Answer by CPhill(1987) (Show Source): You can put this solution on YOUR website!
Here's how to solve this problem:
**(a) Percentage of players heavier than 70 kg:**
1. **Convert units:** The standard deviation is given in pounds, but the weight we're interested in is in kilograms. We need to convert either the standard deviation to kilograms or the weight to pounds. Since α is given in kg, and the mean is in kg, we'll convert the standard deviation to kg. 1 lb is approximately equal to 0.453592 kg. So, the standard deviation in kg is 4.37 lbs * 0.453592 kg/lb ≈ 1.98 kg.
2. **Calculate the z-score:** The z-score tells us how many standard deviations a value is away from the mean.
z = (x - μ) / σ
where:
* x is the value we're interested in (70 kg)

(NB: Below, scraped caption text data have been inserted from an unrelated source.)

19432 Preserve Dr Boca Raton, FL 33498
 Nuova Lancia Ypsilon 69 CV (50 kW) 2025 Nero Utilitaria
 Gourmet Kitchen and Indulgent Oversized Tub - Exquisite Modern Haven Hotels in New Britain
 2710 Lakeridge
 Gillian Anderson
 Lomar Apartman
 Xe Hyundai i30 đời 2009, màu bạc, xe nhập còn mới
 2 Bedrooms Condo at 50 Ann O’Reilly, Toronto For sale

* μ is the mean weight (60 + α kg)
* σ is the standard deviation (1.98 kg)
z = (70 - (60 + α)) / 1.98 = (10 - α) / 1.98
3. **Find the probability:** Once we have the z-score, we can use a standard normal distribution table (a z-table) or calculator to find the probability of a player being heavier than 70 kg. We're looking for P(X > 70), where X is the weight of a randomly selected player. This is equivalent to finding the area to the *right* of the calculated z-score on the standard normal curve.
P(X > 70) = P(Z > z) = 1 - P(Z < z)
We find P(Z < z) from the z-table and subtract from 1.
**(b) Weight of the favorite player:**
1. **Find the z-score:** We know the player is within the heaviest (α + 12)% of players. This means that the area to the *right* of their weight on the normal distribution curve is (α + 12)/100. We need to find the z-score that corresponds to this area. We can use a z-table in reverse: look up the area in the *right tail* and find the corresponding z-score.
2. **Calculate the weight:** Once we have the z-score, we can use the z-score formula to solve for the player's weight (x):
z = (x - μ) / σ
x = μ + zσ
x = (60 + α) + z * 1.98
**Example (Let α = 4):**
**(a)**
1. σ ≈ 1.98 kg (as calculated above)
2. z = (10 - 4) / 1.98 ≈ 3.03
3. P(X > 70) = 1 - P(Z < 3.03). From a z-table, P(Z < 3.03) ≈ 0.9988. So, P(X > 70) ≈ 1 - 0.9988 = 0.0012, or about 0.12%.
**(b)**
1. Heaviest (4 + 12)% = 16% of players. We want the weight that separates the top 16% from the rest. In a z-table, we look for an area of 0.16 in the right tail. The corresponding z-score is approximately 1.0.
2. x = (60 + 4) + 1.0 * 1.98 ≈ 65.98 kg.
Therefore, if α = 4, about 0.12% of players are heavier than 70 kg, and a player in the top 16% weighs at least about 66 kg. You can substitute your actual value of α to get the final answers.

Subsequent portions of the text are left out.